Work to be completed: From the first line to the last, give the records again exactly and skip the pictures.

*** Exercise data ***

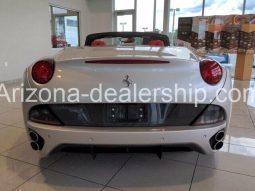 2012 Ferrari California full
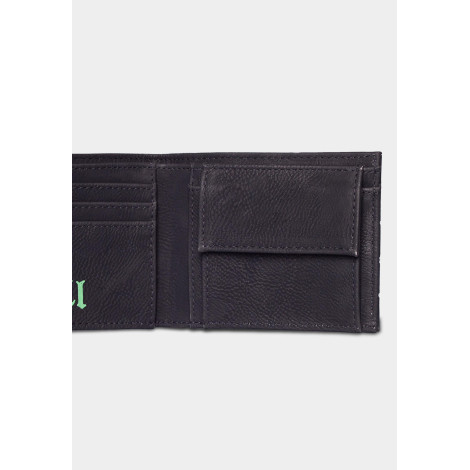 Marvel - Loki Bifold Wallet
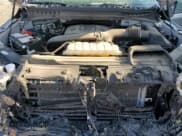 ✅ 2022 Ford F-150 XL • VIN: 1FTFW1E84NFC03880 • Лот: 94037535. Опубликован ранее на Copart с пробегом Не указан. Бесплатный доступ к архиву аукционных продаж из США и подробный отчёт об истории автомобиля на DreamBid. Изображение 11.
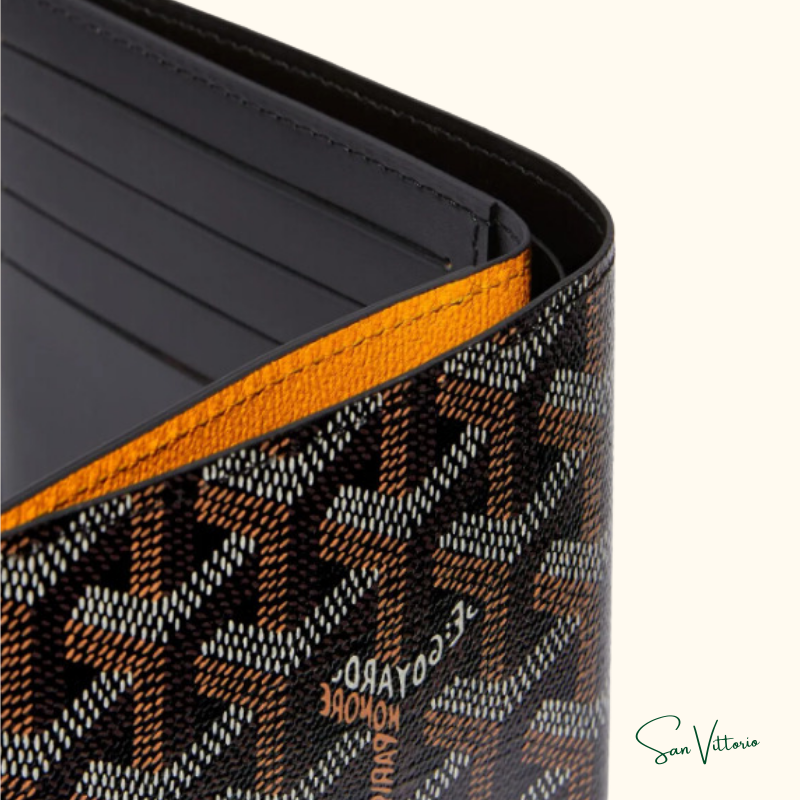 Carteira "Victoire" Goyard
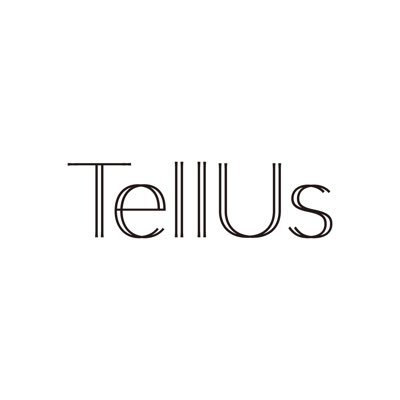 TellUs_officialさんのプロフィール画像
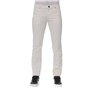 Trussardi Jeans Blanc Homme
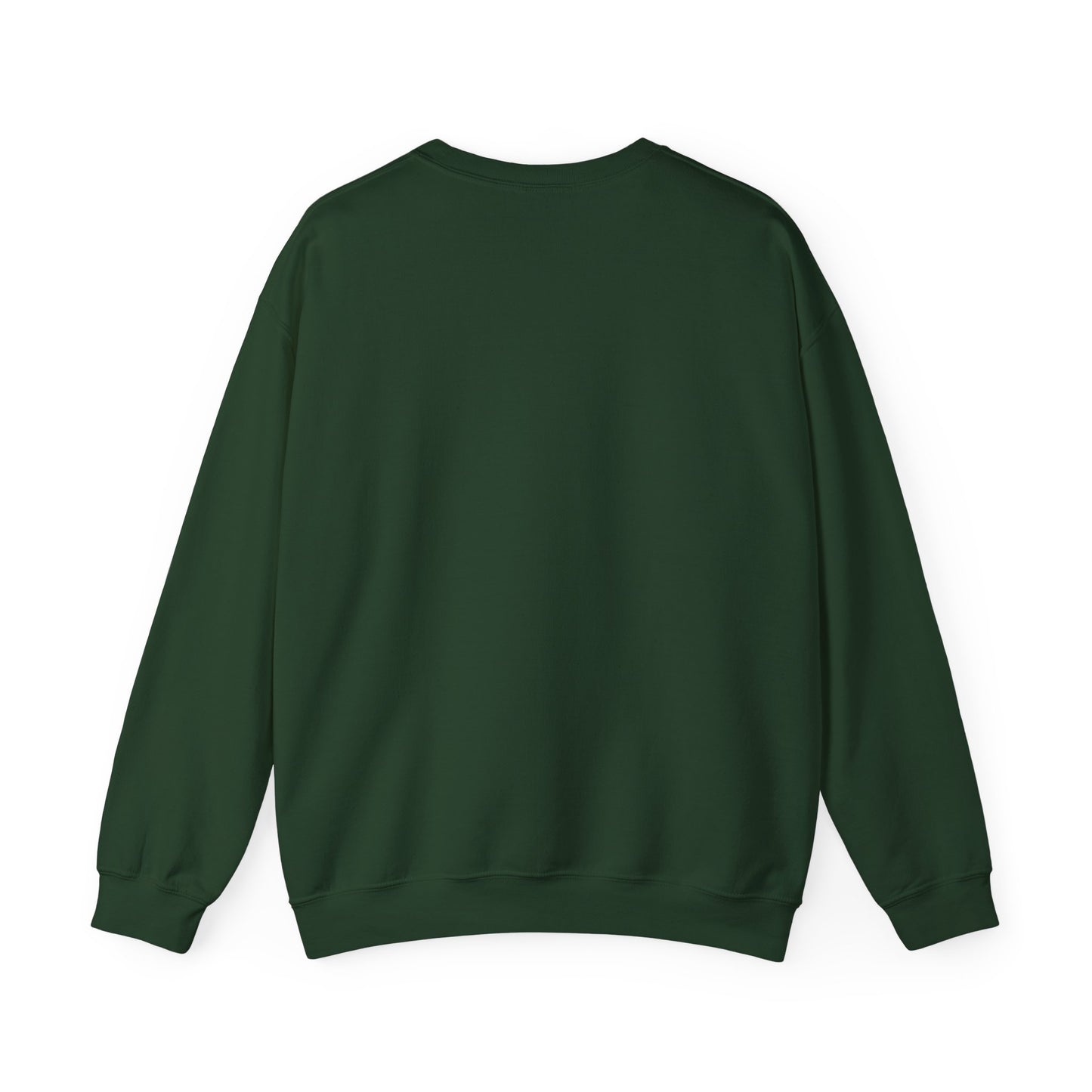 Zoat Knacka Unisex Heavy Blend™ Crewneck Sweatshirt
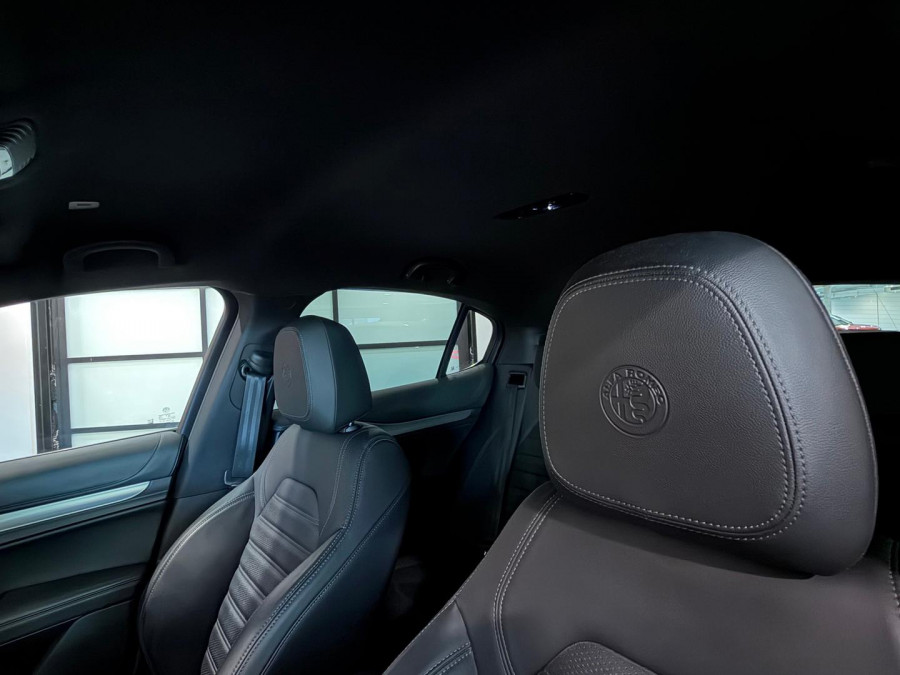 2023 Alfa Romeo Stelvio Series 5 Veloce SUV Image 20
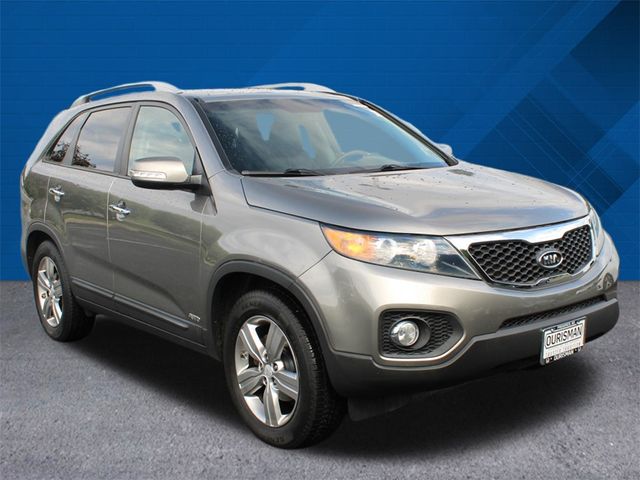 2013 Kia Sorento EX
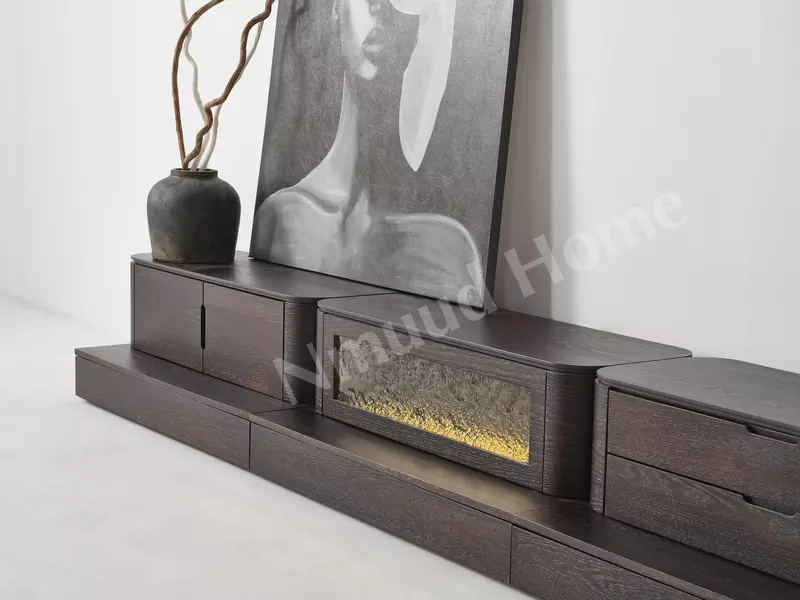 Mix Televizyon Ünitesi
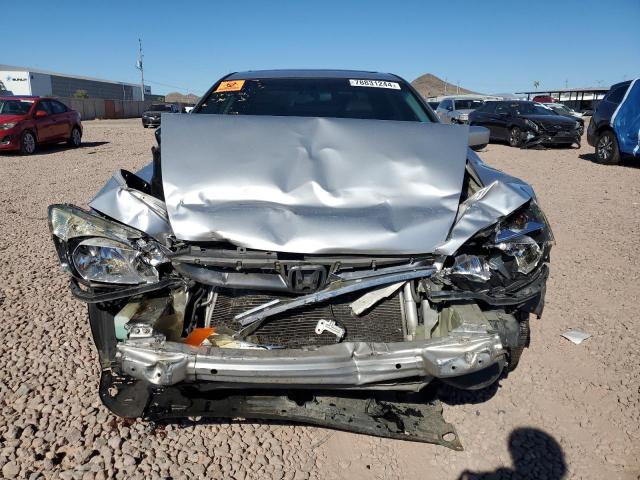 Photo 5 from auction – 2006 HONDA ACCORD EX with VIN 1HGCM66546A032252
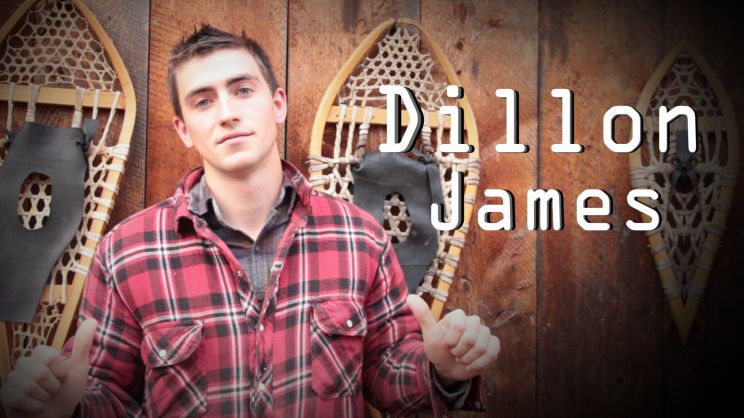 Dillon James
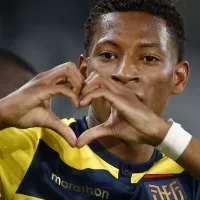 Com anúncio de Gonzalo Plata, Flamengo decide negociar Matheus Gonçalves, mas não com o Vitória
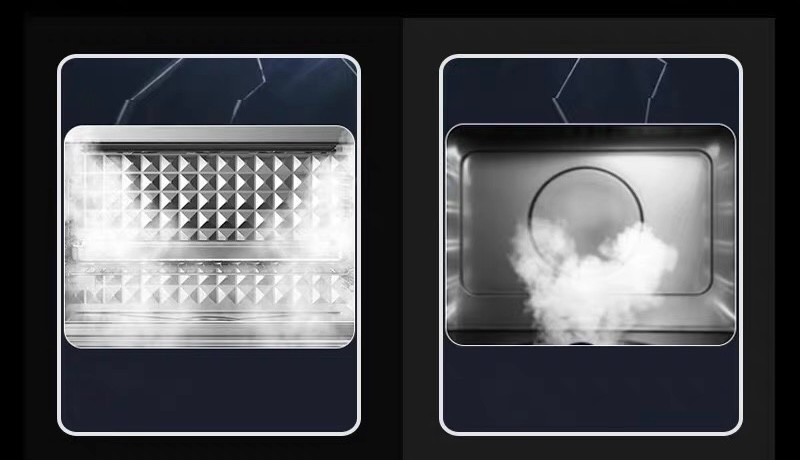 万元左右蒸烤一体集成灶推荐,蒸烤一体集成灶测评推荐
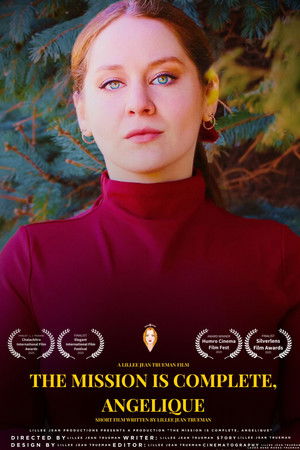 The Mission is Complete, Angelique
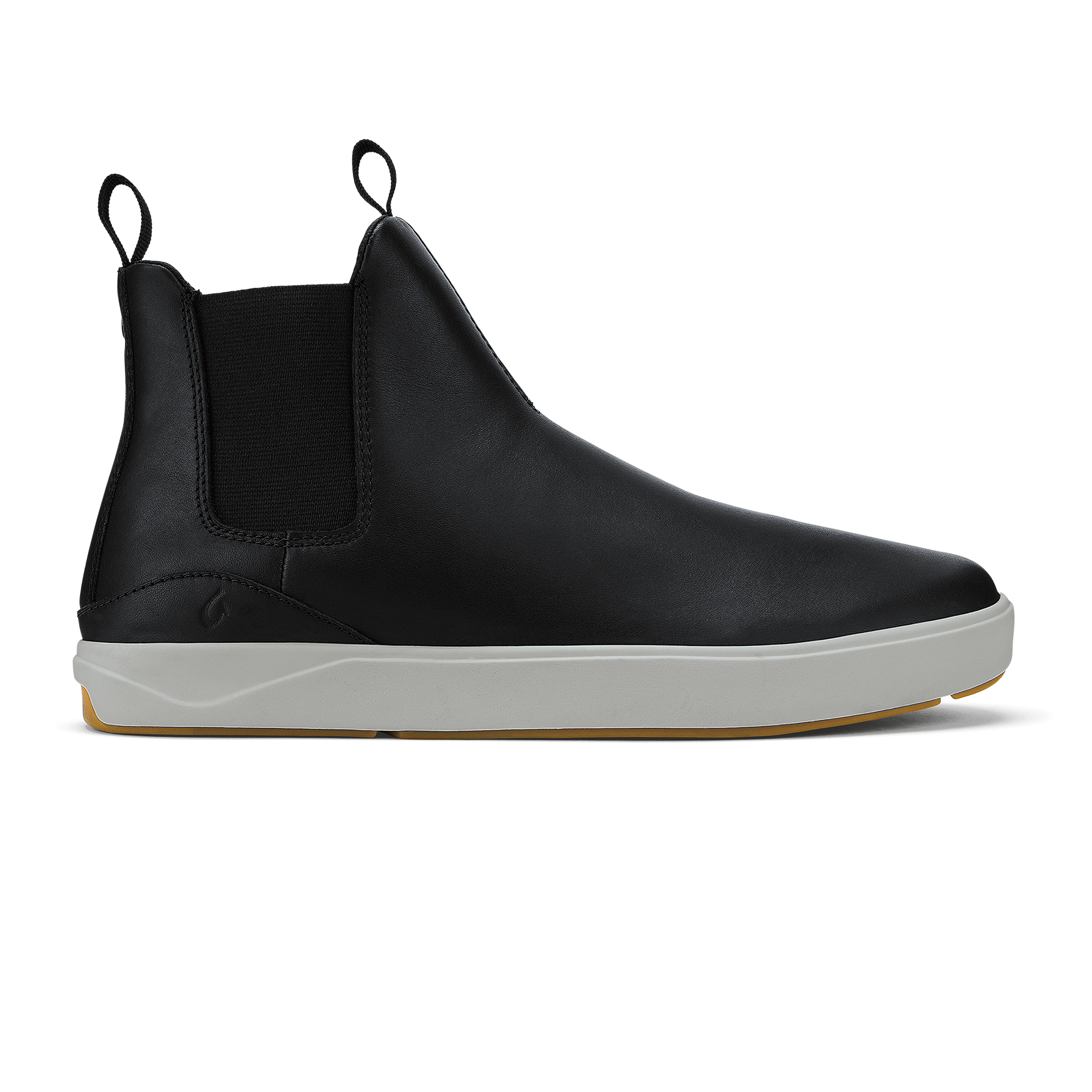 Lae'ahi Mid  -  Black / Black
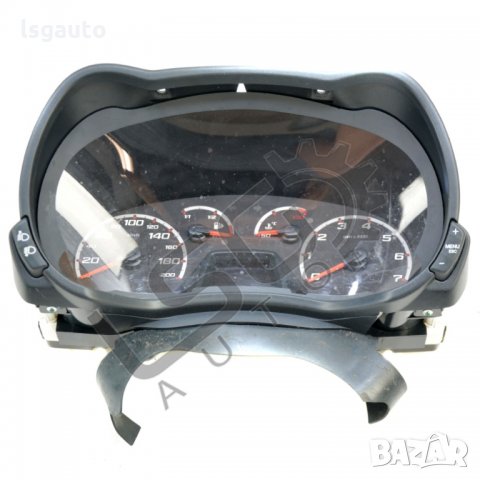 Километраж FORD Ka II 2009-2016 F230721N-98, снимка 2 - Части - 33774181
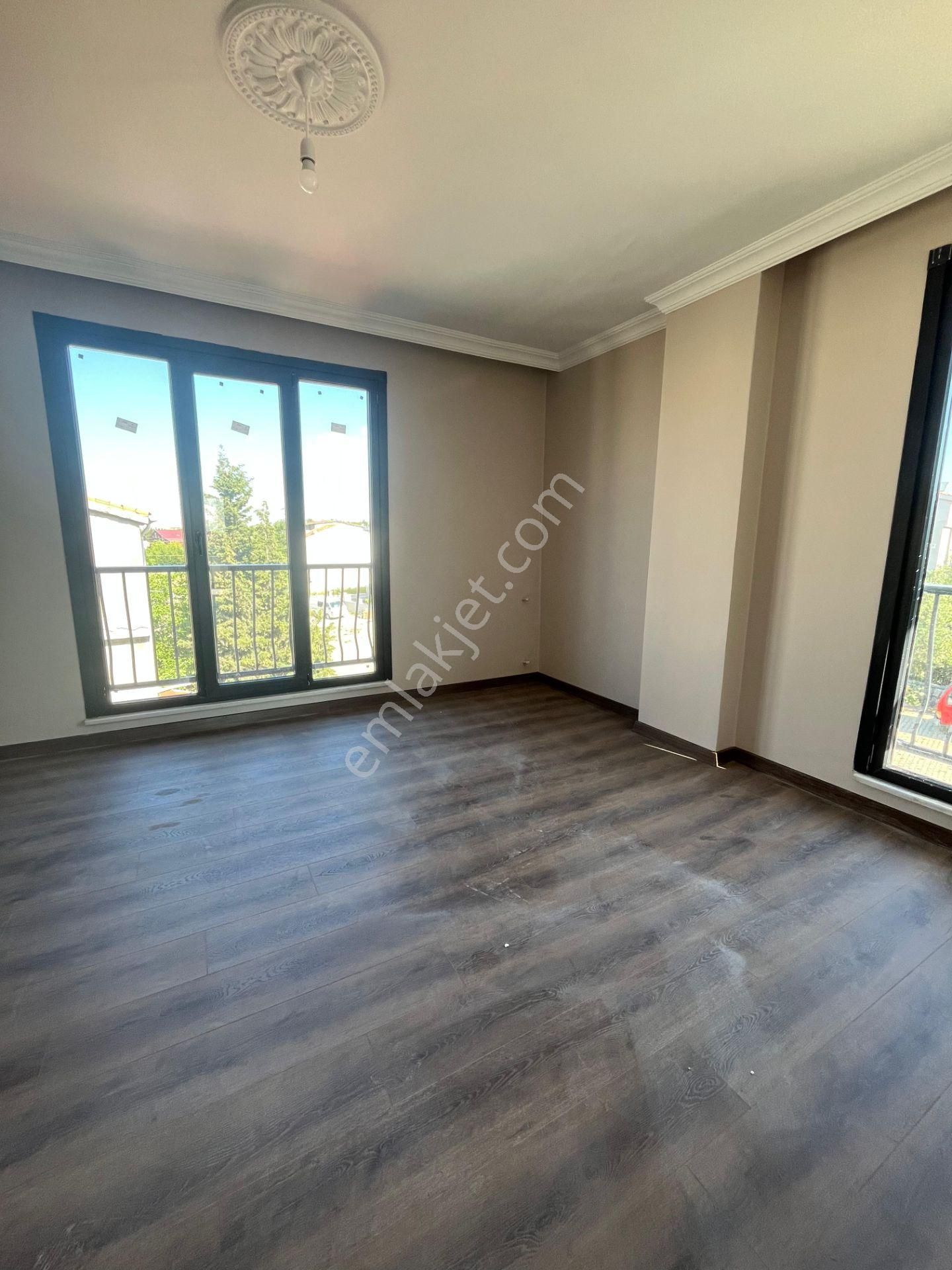 Ata Gayrimenkul'den 4+1 Geniş Oturum Merkezi Konumda Lüks Villa - Görsel 18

*** End of Exercise data ***

Finished exercise:
 2012 Ferrari California full
 Marvel - Loki Bifold Wallet
 ✅ 2022 Ford F-150 XL • VIN: 1FTFW1E84NFC03880 • Лот: 94037535. Опубликован ранее на Copart с пробегом Не указан. Бесплатный доступ к архиву аукционных продаж из США и подробный отчёт об истории автомобиля на DreamBid. Изображение 11.
 Carteira "Victoire" Goyard
 TellUs_officialさんのプロフィール画像
 Trussardi Jeans Blanc Homme
 Zoat Knacka Unisex Heavy Blend™ Crewneck Sweatshirt
 2023 Alfa Romeo Stelvio Series 5 Veloce SUV Image 20
 2013 Kia Sorento EX
 Mix Televizyon Ünitesi
 Photo 5 from auction – 2006 HONDA ACCORD EX with VIN 1HGCM66546A032252
 Dillon James
 Com anúncio de Gonzalo Plata, Flamengo decide negociar Matheus Gonçalves, mas não com o Vitória
 万元左右蒸烤一体集成灶推荐,蒸烤一体集成灶测评推荐
 The Mission is Complete, Angelique
 Lae'ahi Mid  -  Black / Black
 Километраж FORD Ka II 2009-2016 F230721N-98, снимка 2 - Части - 33774181
 Ata Gayrimenkul'den 4+1 Geniş Oturum Merkezi Konumda Lüks Villa - Görsel 18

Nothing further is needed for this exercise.